Lest this historical ramble seem too lofty, we can also recall the old Centennial Racetrack near Littleton, where, if nothing politically profound occurred, at least liberty and the pursuit of happiness flourished. And for the Michener fans, we’ll note that a road in Douglas County bears the name of his imaginary Venneford Ranch. An Aurora restaurant even enshrined his trapper Pasquinel.

All quite diverting, but proving little, you say. What’s in a name anyway? Cinderella City once sat astride Jefferson Avenue in Englewood, after all.
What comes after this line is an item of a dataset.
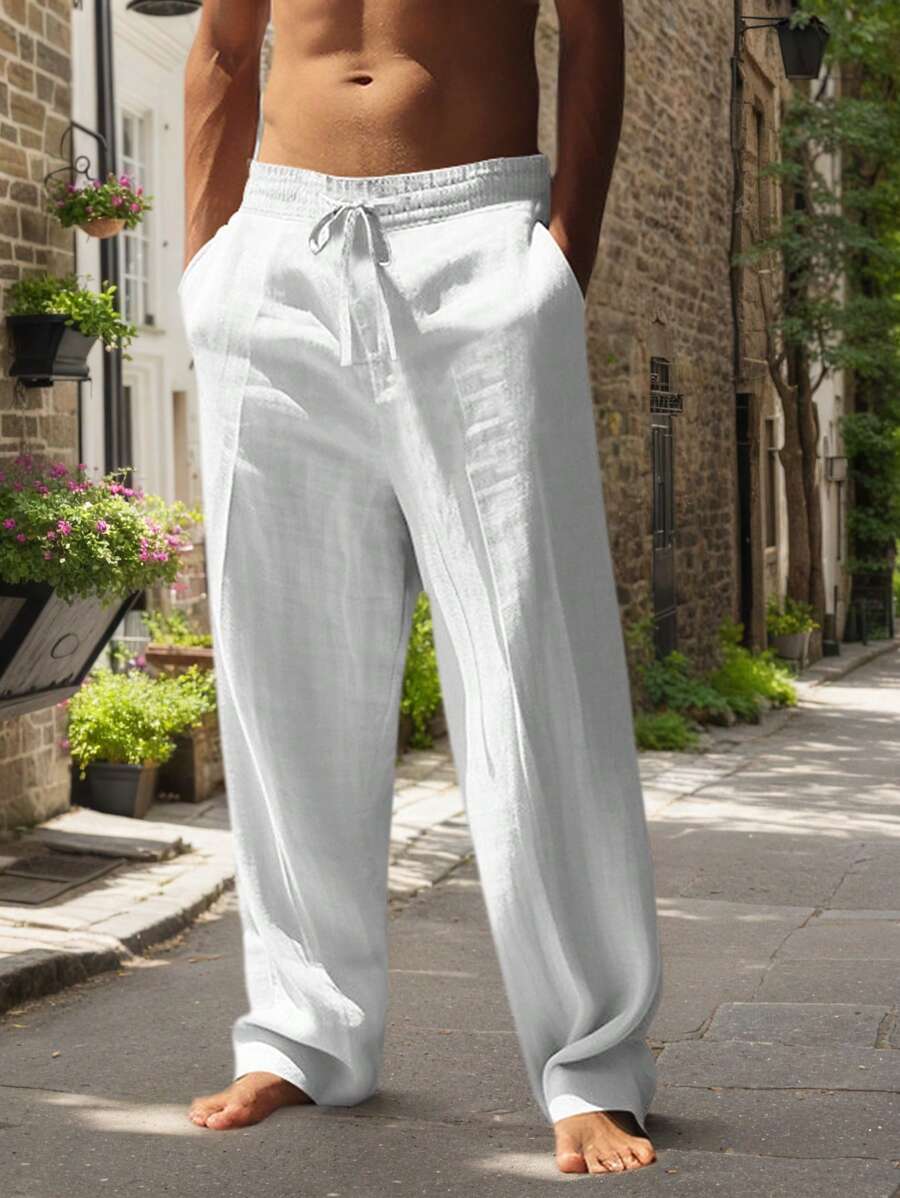 Men's Casual Linen Pants with Drawstring Waist and Slant Pockets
What is history, you’ll scoff with Napoleon (he of the astute Louisiana land sale, three cents an acre), but “a set of lies agreed upon.” Or blunter still, you’ll say with Henry Ford that history is bunk. But as an American and an heir of Western civilization, I’ll say it’s not.

Listen to the land. Get past the nondescript stuff, tune out the schlock, and you’ll hear Colorado place names echoing with inspiration from something new and special for human freedom that began in 1776 and hasn’t stopped yet. It has continued through 1787, 1815, 1863, 1876, 1917, 1941, 1964, 1989, 2001, and right to our own day when Navy Seal Danny Dietz was memorialized with a statue and a president was nominated at Mile High.

To look lovingly at the map of our state is to know Faulkner’s wisdom that “the past isn’t dead; it isn’t even past.” Our past is present and our past is good. It elevates and nourishes us. Barack Obama talks about remaking America, transforming America, laying a new foundation. He’s welcome to try, but a lot of us will resist fiercely for the reasons indicated here.

Make her better, yes; but honor her, celebrate her, cherish and guard her above all. The heart’s blood of generations mapped her. The truer our sense of place, of history, of destiny – the sweeter our Independence Day.

Supreme Judge of the World

Slated on Backbone Radio, July 5 Listen every Sunday, 5-8pm on 710 KNUS, Denver... 1460 KZNT, Colorado Springs... and streaming live at 710knus.com.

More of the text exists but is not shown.